That was because the steelmaker wanted annual pay increases negotiated over the past eight months to be paid each November, rather than each February as in previous enterprise agreements.
The steel unions want the first 3 per cent increase to be paid this month - or when the agreement is signed - followed by agreed 2.5 per cent increases in February or March for the next two years.
AWU Port Kembla branch secretary Wayne Phillips said union negotiators had told the company when talks began in February that they wanted to include an end date for the new award.
"We know the last few EBAs have always been around February or March and that's when it has to be," he said.
"It's not our fault the company dragged out negotiations. They could have settled this ages ago.
"All they had to do was leave our current [conditions] alone, and then to abuse that by trying to extend this ... out by another eight months is not acceptable at all."
Mr Phillips said members had not received a pay increase since February 2011.
Union delegates yesterday voted unanimously in favour of a stoppage and mass meeting next Monday.
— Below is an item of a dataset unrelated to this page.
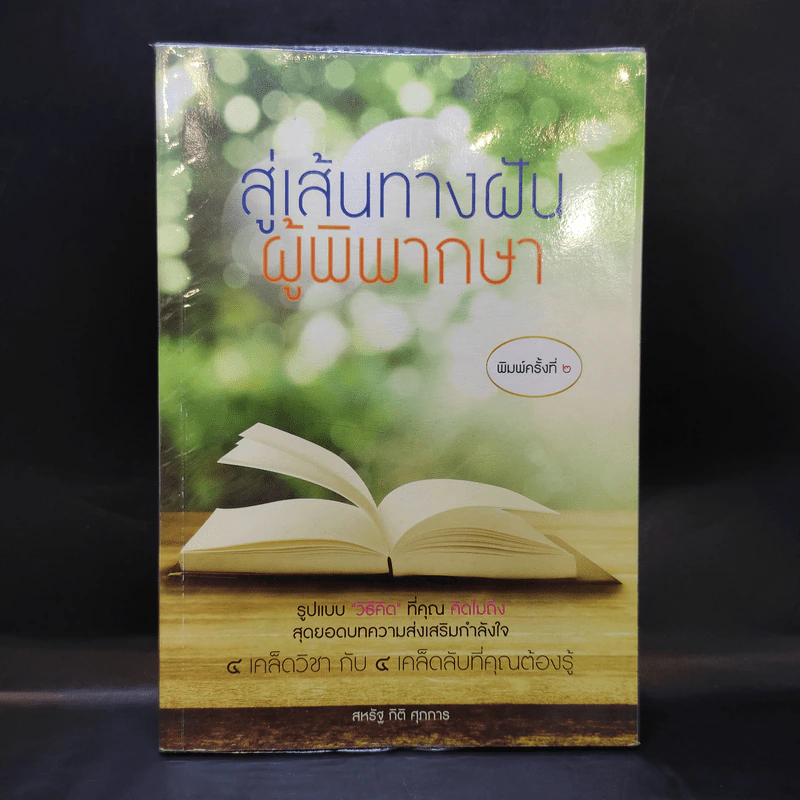สู่เส้นทางฝันผู้พิพากษา - สหรัฐ กิติ ศุภการ รูปที่ 1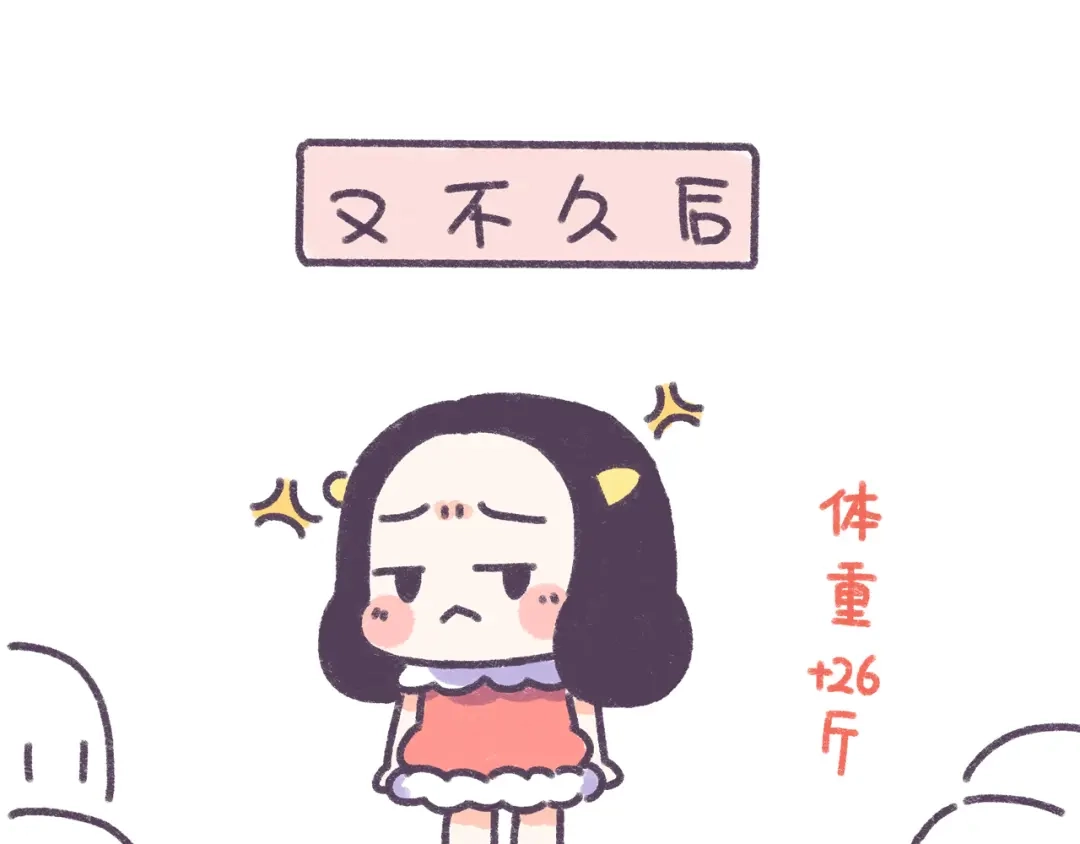 《牛轰轰日志》第34话 那些坑爹的减肥方法 第26页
They also agreed to send a message to BlueScope notifying the company of seven consecutive 24-hour strikes.
The move comes just weeks after steelworkers voted to accept an in-principle offer and end their campaign of rolling stoppages.
Delegate Risto Tancevski's supported taking action and said "enough is enough".
"Blokes in this company have bent over backwards and sacrificed to keep this place going and through bad decisions it just keeps going downhill," he said. "The directors and staff and solicitors have all collected their money and it's only the Port Kembla workforce that have suffered out of this.
"Nobody wants to go on strike and nobody wants to see the company fold, but nobody is going to accept being treated like a second-class citizen."